» **EXERCISE MATERIALS**
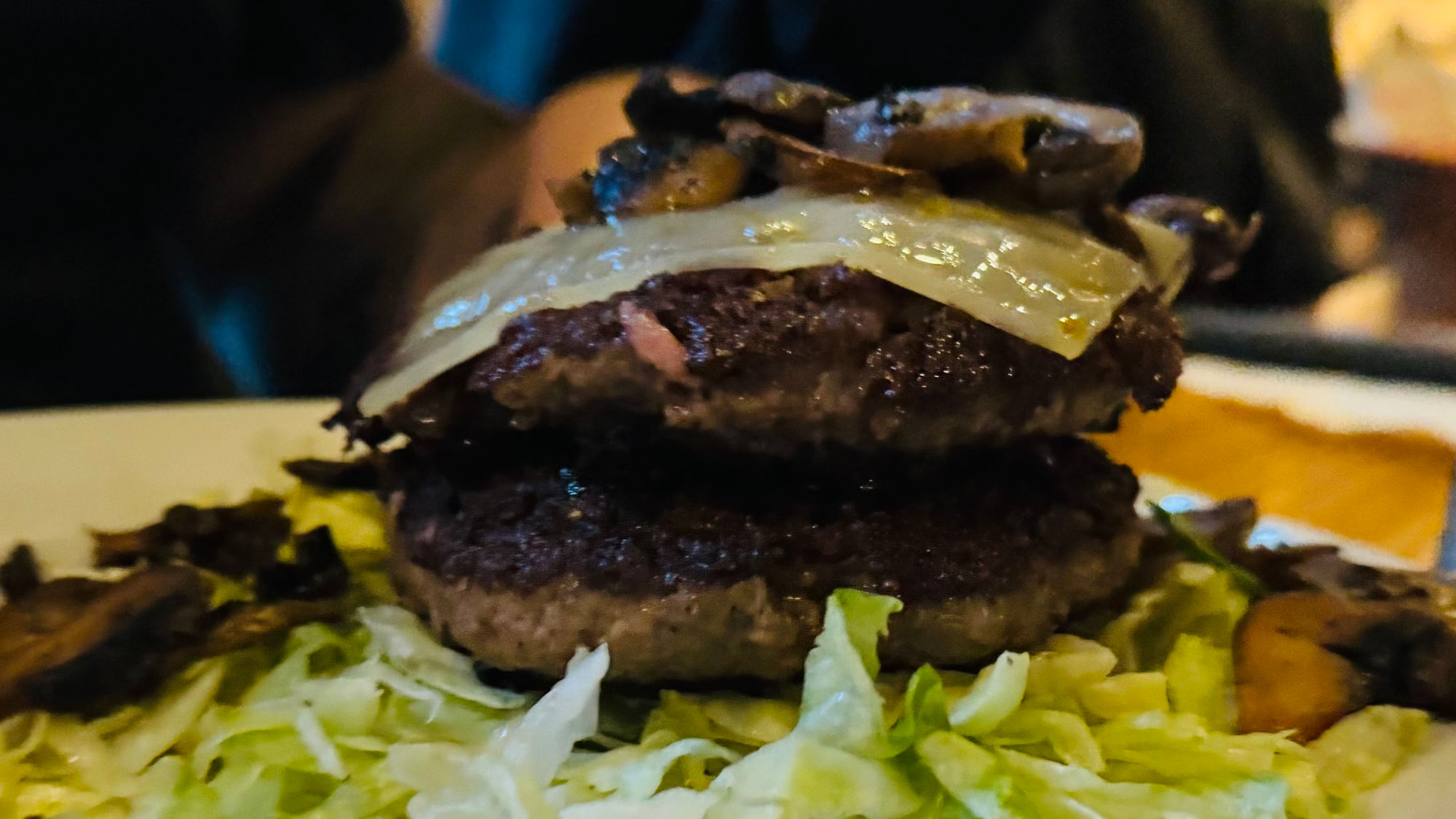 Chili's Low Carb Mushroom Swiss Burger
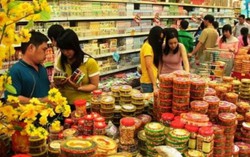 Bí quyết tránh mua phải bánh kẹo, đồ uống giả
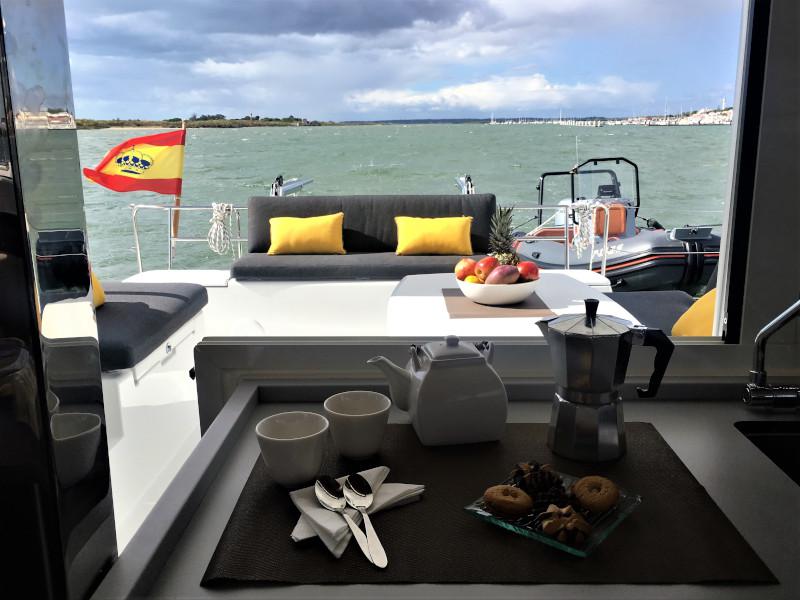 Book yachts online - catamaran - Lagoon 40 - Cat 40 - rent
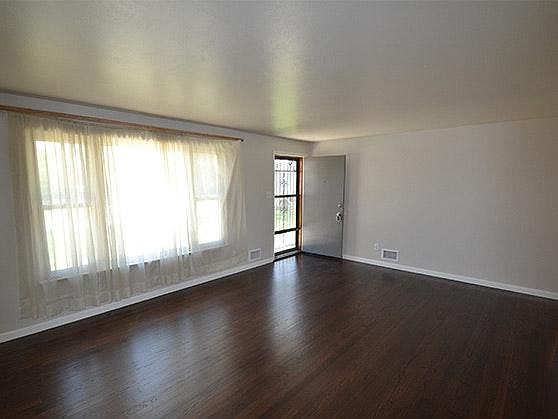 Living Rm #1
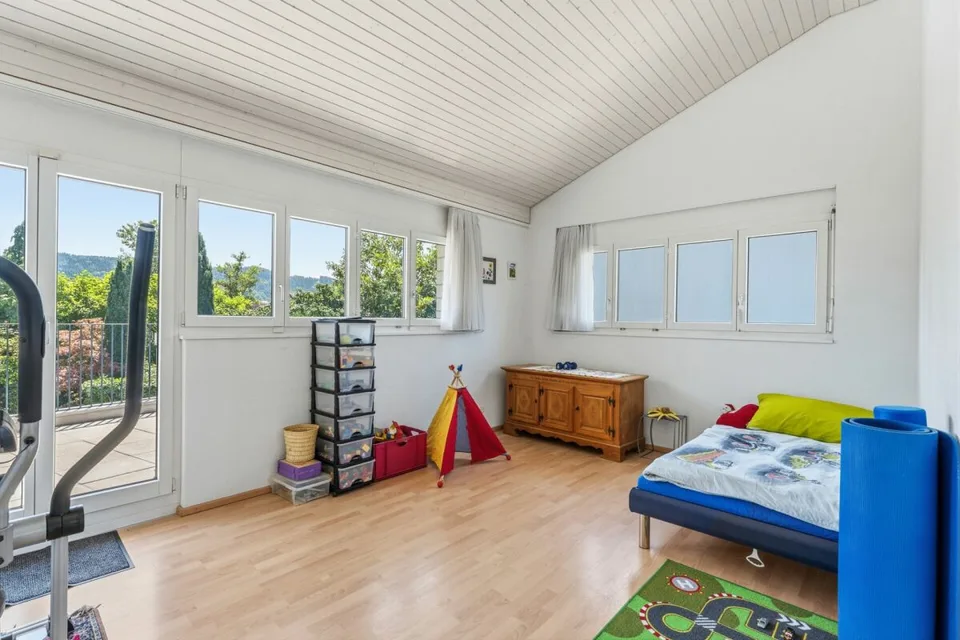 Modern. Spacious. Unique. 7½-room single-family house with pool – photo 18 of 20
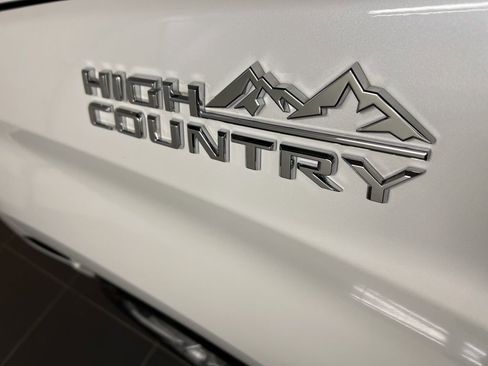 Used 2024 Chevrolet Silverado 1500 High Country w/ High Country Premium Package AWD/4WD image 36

==

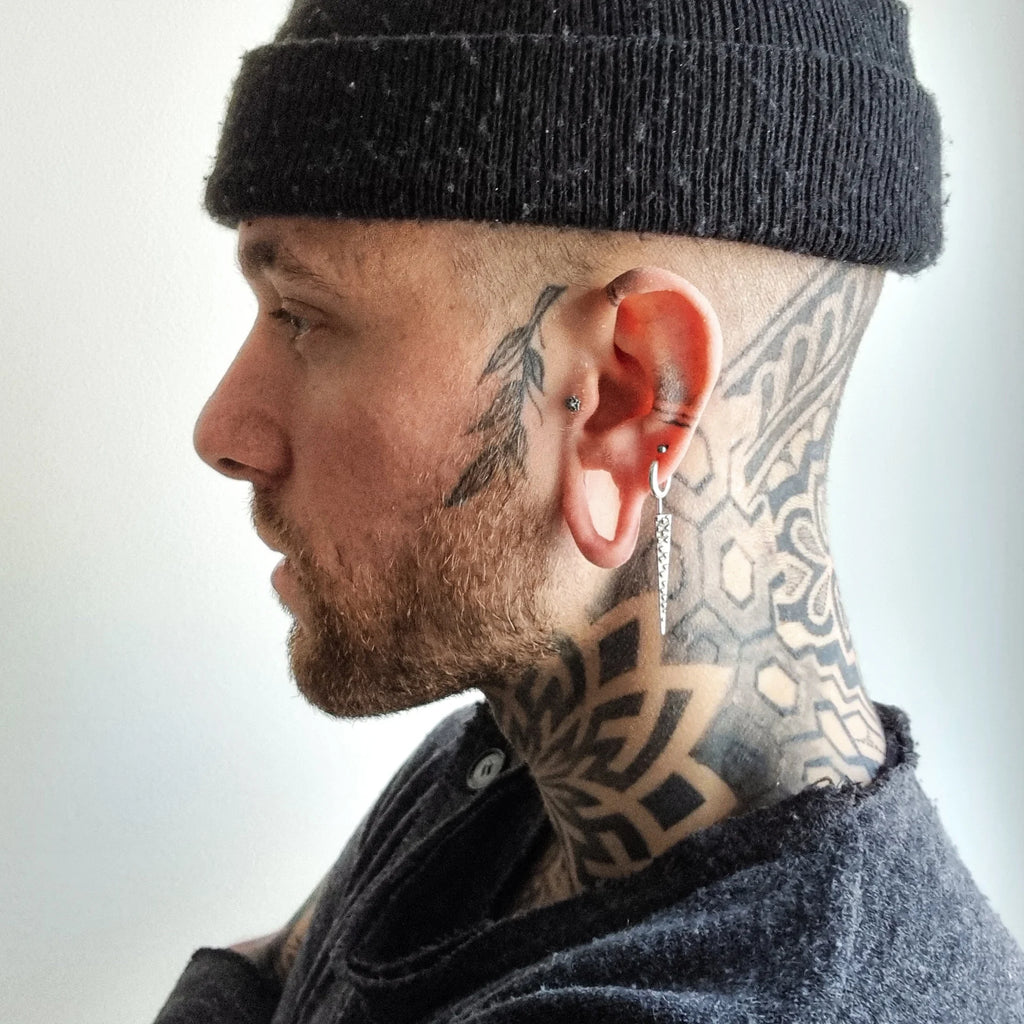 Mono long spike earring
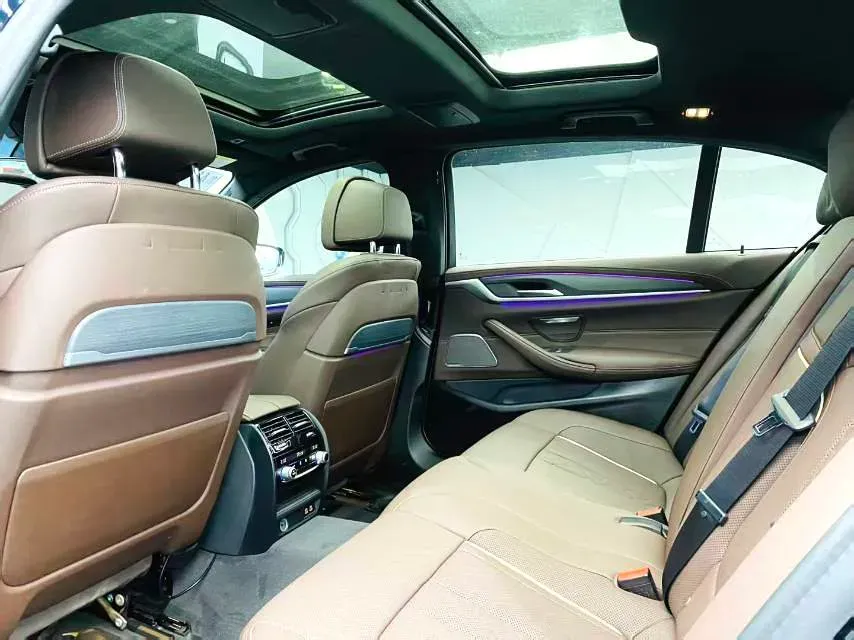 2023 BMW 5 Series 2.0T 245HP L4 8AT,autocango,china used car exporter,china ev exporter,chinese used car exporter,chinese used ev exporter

» **TASK REQUIREMENTS**
From the line with "Chili's Low Carb Mushroom Swiss Burger" up to and including the line with "Used 2024 Chevrolet" above, retype every line exactly and nothing more; leave out the pictures.

» **OUTPUT**
 Chili's Low Carb Mushroom Swiss Burger
 Bí quyết tránh mua phải bánh kẹo, đồ uống giả
 Book yachts online - catamaran - Lagoon 40 - Cat 40 - rent
 Living Rm #1
 Modern. Spacious. Unique. 7½-room single-family house with pool – photo 18 of 20
 Used 2024 Chevrolet Silverado 1500 High Country w/ High Country Premium Package AWD/4WD image 36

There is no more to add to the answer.